* **What to work on**: Set it all down exactly, every record and every line.

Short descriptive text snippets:
▬▬▬▬▬▬▬▬▬▬

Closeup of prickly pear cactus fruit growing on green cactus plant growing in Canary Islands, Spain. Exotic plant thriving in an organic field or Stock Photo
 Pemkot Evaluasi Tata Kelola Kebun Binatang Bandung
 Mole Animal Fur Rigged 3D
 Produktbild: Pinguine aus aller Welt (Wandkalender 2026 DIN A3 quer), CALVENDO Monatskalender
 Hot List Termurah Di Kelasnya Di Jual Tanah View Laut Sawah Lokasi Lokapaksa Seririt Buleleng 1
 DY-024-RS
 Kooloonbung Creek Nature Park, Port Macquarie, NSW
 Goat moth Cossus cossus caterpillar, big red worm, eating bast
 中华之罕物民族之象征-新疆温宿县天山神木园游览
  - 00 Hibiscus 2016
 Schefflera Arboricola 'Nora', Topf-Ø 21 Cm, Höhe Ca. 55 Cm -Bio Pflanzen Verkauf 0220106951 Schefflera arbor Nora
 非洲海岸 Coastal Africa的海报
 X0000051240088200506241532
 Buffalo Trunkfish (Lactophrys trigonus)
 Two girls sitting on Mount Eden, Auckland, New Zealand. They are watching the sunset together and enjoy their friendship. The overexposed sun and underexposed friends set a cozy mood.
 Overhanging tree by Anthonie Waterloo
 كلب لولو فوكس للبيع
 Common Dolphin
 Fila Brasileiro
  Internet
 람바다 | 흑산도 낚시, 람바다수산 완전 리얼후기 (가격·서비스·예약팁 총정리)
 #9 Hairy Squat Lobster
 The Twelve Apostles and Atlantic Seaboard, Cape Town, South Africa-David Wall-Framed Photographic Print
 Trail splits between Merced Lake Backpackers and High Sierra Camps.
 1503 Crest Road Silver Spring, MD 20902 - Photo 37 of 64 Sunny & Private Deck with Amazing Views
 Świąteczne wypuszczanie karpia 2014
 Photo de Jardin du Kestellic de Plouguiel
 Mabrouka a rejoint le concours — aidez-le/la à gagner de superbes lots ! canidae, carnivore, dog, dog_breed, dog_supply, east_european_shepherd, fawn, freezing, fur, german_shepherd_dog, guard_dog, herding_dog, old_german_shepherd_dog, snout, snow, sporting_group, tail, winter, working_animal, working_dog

▬▬▬▬▬▬▬▬▬▬

* **Written solution**:
Closeup of prickly pear cactus fruit growing on green cactus plant growing in Canary Islands, Spain. Exotic plant thriving in an organic field or Stock Photo
 Pemkot Evaluasi Tata Kelola Kebun Binatang Bandung
 Mole Animal Fur Rigged 3D
 Produktbild: Pinguine aus aller Welt (Wandkalender 2026 DIN A3 quer), CALVENDO Monatskalender
 Hot List Termurah Di Kelasnya Di Jual Tanah View Laut Sawah Lokasi Lokapaksa Seririt Buleleng 1
 DY-024-RS
 Kooloonbung Creek Nature Park, Port Macquarie, NSW
 Goat moth Cossus cossus caterpillar, big red worm, eating bast
 中华之罕物民族之象征-新疆温宿县天山神木园游览
  - 00 Hibiscus 2016
 Schefflera Arboricola 'Nora', Topf-Ø 21 Cm, Höhe Ca. 55 Cm -Bio Pflanzen Verkauf 0220106951 Schefflera arbor Nora
 非洲海岸 Coastal Africa的海报
 X0000051240088200506241532
 Buffalo Trunkfish (Lactophrys trigonus)
 Two girls sitting on Mount Eden, Auckland, New Zealand. They are watching the sunset together and enjoy their friendship. The overexposed sun and underexposed friends set a cozy mood.
 Overhanging tree by Anthonie Waterloo
 كلب لولو فوكس للبيع
 Common Dolphin
 Fila Brasileiro
  Internet
 람바다 | 흑산도 낚시, 람바다수산 완전 리얼후기 (가격·서비스·예약팁 총정리)
 #9 Hairy Squat Lobster
 The Twelve Apostles and Atlantic Seaboard, Cape Town, South Africa-David Wall-Framed Photographic Print
 Trail splits between Merced Lake Backpackers and High Sierra Camps.
 1503 Crest Road Silver Spring, MD 20902 - Photo 37 of 64 Sunny & Private Deck with Amazing Views
 Świąteczne wypuszczanie karpia 2014
 Photo de Jardin du Kestellic de Plouguiel
 Mabrouka a rejoint le concours — aidez-le/la à gagner de superbes lots ! canidae, carnivore, dog, dog_breed, dog_supply, east_european_shepherd, fawn, freezing, fur, german_shepherd_dog, guard_dog, herding_dog, old_german_shepherd_dog, snout, snow, sporting_group, tail, winter, working_animal, working_dog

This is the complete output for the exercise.